##### Task input #####
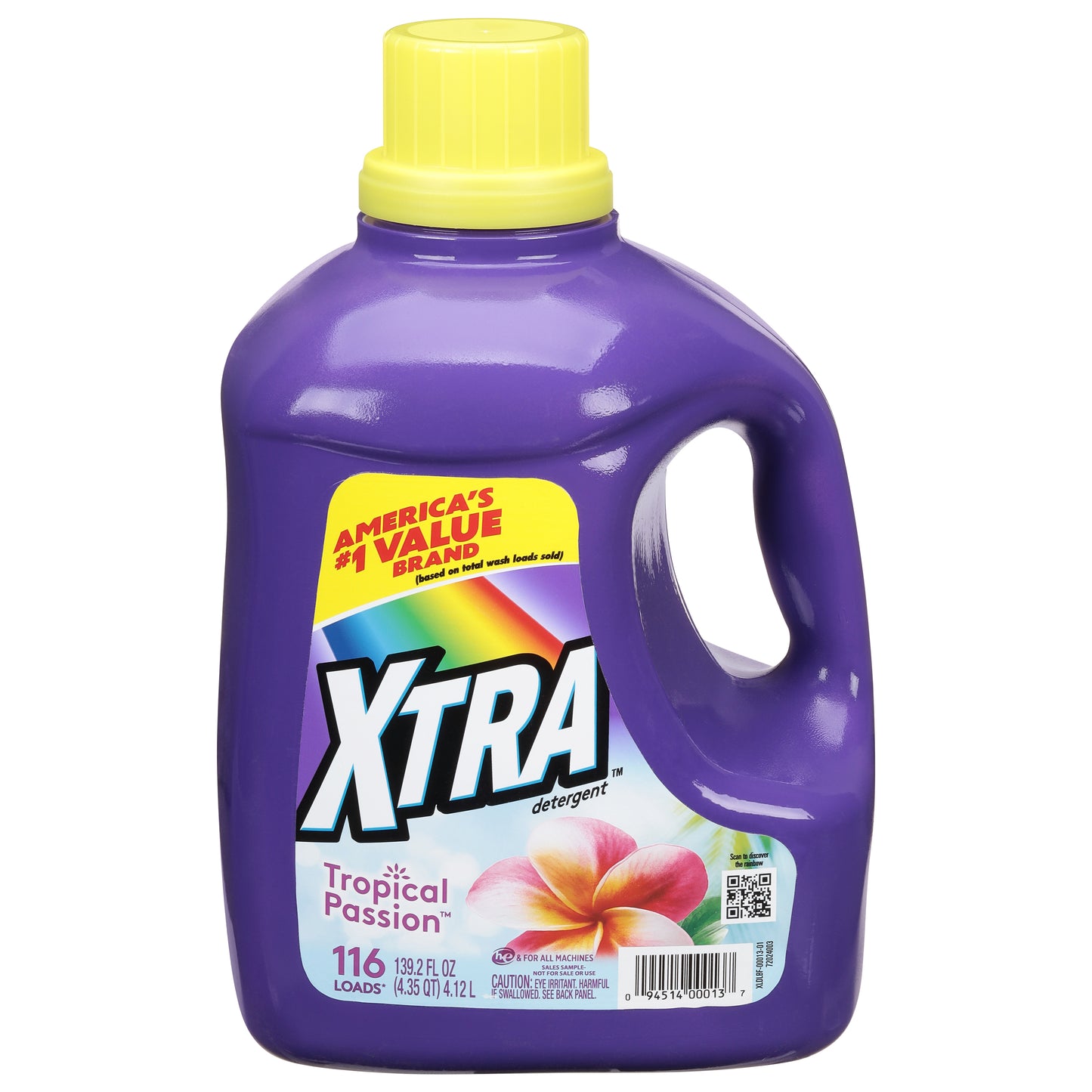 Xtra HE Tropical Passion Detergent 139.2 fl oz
#####
##### Task input #####
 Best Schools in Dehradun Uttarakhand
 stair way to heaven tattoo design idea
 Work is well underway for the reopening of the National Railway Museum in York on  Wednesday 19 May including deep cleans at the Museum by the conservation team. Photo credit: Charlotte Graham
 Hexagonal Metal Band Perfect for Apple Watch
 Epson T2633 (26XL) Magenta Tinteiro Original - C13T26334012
#####
### About this task:
Copy the lines above exactly. Start with the line containing "stair way to heaven tattoo design idea", end with the line containing "Epson T2633 (26XL)", and include both.

### Output of the exercise:
 stair way to heaven tattoo design idea
 Work is well underway for the reopening of the National Railway Museum in York on  Wednesday 19 May including deep cleans at the Museum by the conservation team. Photo credit: Charlotte Graham
 Hexagonal Metal Band Perfect for Apple Watch
 Epson T2633 (26XL) Magenta Tinteiro Original - C13T26334012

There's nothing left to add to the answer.